Conclusão: eu precisava de uma nova confissão antes da missa de domingo. Às vezes, não tinha mais como, e eu renunciava a comungar.

Enquanto isso, eu constatava que minha avó não se confessava nunca -e olhe que, naquela época, ninguém falava em "absolvição geral" ou em "confissão uns aos outros": a única confissão que valia era a pessoal, com um sacerdote.

Tudo bem, minha avó era (ou parecia) idosa e bem-comportada. Mas, mesmo assim, eu não entendia: para mim, sem confissão (recente e por um sacerdote) não havia como acreditar no perdão divino. Criei coragem e perguntei. Ela disse que pecava pouco e, de qualquer forma, tratava do assunto diretamente com Deus. Rezo para que esse deslize herético tenha sido tratado com indulgência quando ela se apresentou no céu.


Seja como for, foi graças a essa avó muito católica que descobri precocemente o charme e alcance profundo da Reforma protestante. Ou seja, apesar da reação do Concílio de Trento com seus decretos disciplinares, seu índice dos livros proibidos e sua reorganização da Inquisição (hoje Congregação para a Doutrina da Fé, da qual, aliás, Bento 16 foi prefeito antes de ser papa), apesar de tudo isso, o espírito da Reforma protestante ganhou corações e mentes dos católicos -se não de todos, de muitos, a começar por minha avó.

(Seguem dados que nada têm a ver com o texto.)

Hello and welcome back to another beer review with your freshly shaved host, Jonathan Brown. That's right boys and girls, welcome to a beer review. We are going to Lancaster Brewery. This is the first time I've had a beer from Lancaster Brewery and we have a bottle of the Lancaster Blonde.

Consequência: tornou-se cada vez mais possível e frequente que alguém se considere católico praticante e decida por si o que é pecado e o que não é, num diálogo privado com Deus, sem desprezar nem a igreja nem o papa, mas sem depender deles.

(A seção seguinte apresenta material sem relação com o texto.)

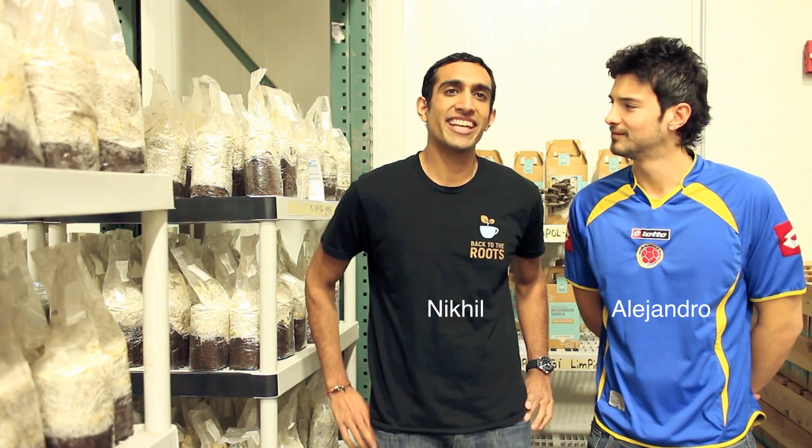Hey guys, my name is Alejandro. My name is Nick Hill. We're the co-founders of Back to the Roots.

Conheço numerosos católicos devotos que se casaram, se divorciaram, casaram-se novamente (no civil), não confessam a sacerdote algum o "adultério" no qual eles vivem (segundo a igreja), não se arrependem e comungam, a cada missa, alegremente, considerando-se absolvidos diretamente por Deus.

Às vezes, um pároco conhecido lhes recusa a comunhão; pois bem, mudam de igreja ou, então, esperam para comungar quando viajam e encontram, no exterior ou num lugar remoto do país, uma igreja onde ninguém saiba de sua vida no "pecado".

É fácil encontrar católicos dando provas da mesma liberdade de pensamento em matéria de camisinha e de anticoncepcionais, de homossexualidade e mesmo de aborto.

Por causa desses "novos" católicos (nem tão novos assim, se minha avó estava entre eles), contemplo com um pouco de tédio as especulações mais ou menos esperançosas sobre o rumo que o novo papa imprimirá à igreja. Será que isso ou aquilo vai ser reconhecido ou permitido? E os padres, eles poderão se casar?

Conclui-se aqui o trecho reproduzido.